/ 24 May 1999

Change amnesty rules, says Mbeki

OWN CORRESPONDENT, Johannesburg | Sunday 5.00pm

DEPUTY President Thabo Mbeki wants the Truth Commission to change its rules on amnesty to allow groups like his African National Congress to be granted blanket amnesty.

Mbeki said in an interview with the Sunday Times that the rules should be changed so that members of political parties and soldiers of the apartheid-era defence forces will get amnesty without having to apply as individuals — the current TRC requirement.

Mbeki is one of 37 ANC leaders whose joint amnesty application was turned down by the Truth and Reconciliation Commission last year, because it did not detail violations committed by individuals.

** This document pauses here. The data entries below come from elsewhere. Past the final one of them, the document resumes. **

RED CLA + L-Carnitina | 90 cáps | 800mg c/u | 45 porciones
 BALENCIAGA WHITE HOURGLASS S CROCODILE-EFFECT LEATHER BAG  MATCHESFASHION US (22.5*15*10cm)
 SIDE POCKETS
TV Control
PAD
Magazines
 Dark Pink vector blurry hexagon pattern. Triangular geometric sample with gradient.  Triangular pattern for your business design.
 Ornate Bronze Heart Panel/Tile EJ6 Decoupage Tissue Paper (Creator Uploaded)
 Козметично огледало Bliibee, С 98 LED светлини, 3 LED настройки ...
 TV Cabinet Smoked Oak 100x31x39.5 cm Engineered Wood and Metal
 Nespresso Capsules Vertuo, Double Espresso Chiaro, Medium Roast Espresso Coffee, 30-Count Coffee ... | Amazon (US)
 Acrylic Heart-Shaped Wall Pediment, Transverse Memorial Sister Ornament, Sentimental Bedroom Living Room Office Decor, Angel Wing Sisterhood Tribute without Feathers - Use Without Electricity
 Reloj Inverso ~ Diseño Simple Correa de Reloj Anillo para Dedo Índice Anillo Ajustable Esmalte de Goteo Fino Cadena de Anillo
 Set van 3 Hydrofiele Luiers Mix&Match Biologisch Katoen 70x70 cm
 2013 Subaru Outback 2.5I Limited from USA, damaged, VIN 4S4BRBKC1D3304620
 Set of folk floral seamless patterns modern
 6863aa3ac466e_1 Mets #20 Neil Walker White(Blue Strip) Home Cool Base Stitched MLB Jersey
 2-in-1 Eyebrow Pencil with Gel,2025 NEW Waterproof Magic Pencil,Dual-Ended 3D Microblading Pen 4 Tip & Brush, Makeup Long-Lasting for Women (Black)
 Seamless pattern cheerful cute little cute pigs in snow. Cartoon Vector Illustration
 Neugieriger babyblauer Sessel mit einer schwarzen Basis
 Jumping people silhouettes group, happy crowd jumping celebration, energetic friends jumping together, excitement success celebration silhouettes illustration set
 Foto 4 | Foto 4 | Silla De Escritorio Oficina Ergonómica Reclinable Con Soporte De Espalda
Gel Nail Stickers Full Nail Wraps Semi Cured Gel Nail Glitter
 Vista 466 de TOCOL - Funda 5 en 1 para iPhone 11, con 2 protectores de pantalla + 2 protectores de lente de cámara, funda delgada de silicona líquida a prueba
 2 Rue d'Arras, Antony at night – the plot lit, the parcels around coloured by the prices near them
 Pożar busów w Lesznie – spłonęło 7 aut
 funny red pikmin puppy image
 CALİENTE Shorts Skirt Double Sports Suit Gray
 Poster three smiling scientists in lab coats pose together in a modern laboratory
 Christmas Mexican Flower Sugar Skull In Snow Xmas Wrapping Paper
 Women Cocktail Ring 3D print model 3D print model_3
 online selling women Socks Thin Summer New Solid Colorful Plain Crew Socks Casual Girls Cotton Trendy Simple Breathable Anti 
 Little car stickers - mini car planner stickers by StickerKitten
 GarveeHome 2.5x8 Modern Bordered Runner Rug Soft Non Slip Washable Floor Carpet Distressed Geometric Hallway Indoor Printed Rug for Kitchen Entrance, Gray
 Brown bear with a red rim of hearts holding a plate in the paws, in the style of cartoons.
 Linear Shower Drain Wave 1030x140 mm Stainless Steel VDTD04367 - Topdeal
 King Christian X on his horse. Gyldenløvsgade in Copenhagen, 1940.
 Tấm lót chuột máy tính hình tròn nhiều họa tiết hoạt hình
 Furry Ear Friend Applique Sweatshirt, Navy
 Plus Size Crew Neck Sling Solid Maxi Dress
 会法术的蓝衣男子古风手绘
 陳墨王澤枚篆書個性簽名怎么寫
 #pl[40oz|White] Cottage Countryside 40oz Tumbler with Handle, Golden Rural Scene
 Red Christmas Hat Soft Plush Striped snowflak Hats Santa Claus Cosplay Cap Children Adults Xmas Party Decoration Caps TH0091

He said that although the deadline for amnesty applications has passed, he has asked Justice Minister Dullah Omar to consider allowing “organisations and bodies” to be granted amnesty.

“Though the Act [setting up the TRC] recognises that amnesty can be and needs to be granted to institutions, to bodies, it doesn’t make provision for bodies themselves to apply for [it. It’s a matter that needs to be addressed,” th paper quotes Mbeki as saying.

Those involved in violence in South Africa’s strife-torn KwaZulu-Natal province could also get amnesty in this way, said Mbeki, who is President Nelson Mandela’s likely successor when the 80-year-old leader steps down in June.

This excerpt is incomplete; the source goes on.